Monday, March 9, 2009

Blogging in the classroom

How can I use blogs in the content that I teach? I work with emotionally disabled middle school students. I teach all academic subjects so I am sure there is at least one that I could use blogs with. The first one that comes to mind would be to creat a homework blog. I would do this for math. I have noticed that even though the students understand the concept in class when they go to do it by themselves they forget how to do it so the result is, I don't get homework back. The students could blog their questions and I would go on and answer them. I would have to set up a certain time that their questions would have to be posted and some of my students do not have access to computers. However the students would also be able to help each other, if one student understood what they were suppose to do, then maybe they could explain it in a different way than I did, which could help the other student understand the content. By using a blog to do this the students would be able to show off what they know and this would also enhance the lesson by allowing the information to "sink in" and then get it again when they check the blogs at night.

4 comments:

  1. Rachael,
    I think that this sounds great! I hesitate posting homework online because I strongly feel that my students should be responsible enough to copy it down on their own. For your population however, I think that this is reasonable…especially with the Q and A timeframe. I think you need to be careful to put a monitor on your blog (easily done in the settings of this very blog) so that you read ALL comments before they officially post. This way you can check to make sure your students are posting correct homework tips and not guiding classmates in the wrong direction!

    ReplyDelete
  2. Rachael,
    I agree with Erica's comment about monitoring the comments so that you can make sure that if students post replies to other students, they are correct.
    The only thing I foresee being an issue, is that even if other students are allowed to comment on questions their classmates may have, will YOU always have the time to login and check student-to-student comments? Or would they have to only comment to each other during your given time frame so that you could approve/check their comments?
    If not, the blog will just become useful between the designated times. If your students are not able to post questions in that time frame, the blog may not help them.
    Then again, students will find other ways to communicate: text, email, phone, IMs, to get their message across anyway.
    Good luck with this, I like it!

    ReplyDelete
  3. Thank you both for your comments. I have a monitor set up on another website I let students post on so I would definitely do that for this type of excercise. As for the Q and A, I haven't really worked out all the kinks yet such as time frame, but if I actually put this into play, I will definitely take time to figure out those issues.

    ReplyDelete
  4. Rachael,

    Great idea! I wish we had special education staff at my school that were so interested in using technology. Way to go!

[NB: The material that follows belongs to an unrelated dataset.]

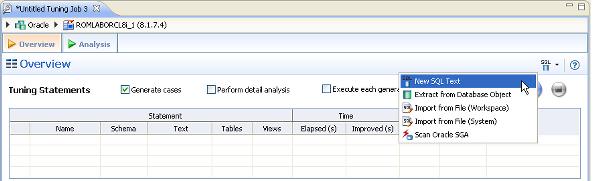 ADDING SQL STATEMENTS TO A TUNING JOB Once you have created a name for the tuning job and indicated its source, you can add SQL statements that you want the job to tune.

    In regards to your idea - I think it's great, but I'm not sure how it would work in real life. However, I do agree with the other comments about making sure that you have to approve all comments (in case students are giving incorrect information or answers to questions). This would make it difficult, though, because unless you are checking for new messages 24/7, the students' questions aren't going to get answered promptly. You would also need to be very available - which I know is hard for me after school hours (if you said that you would answer questions from 7-9pm, for example, but then had something come up at that time, you would have students waiting on you). Although I think it would be really beneficial, I'm not sure if blogging is the best way to go about it. Maybe getting secure class emails for all the students?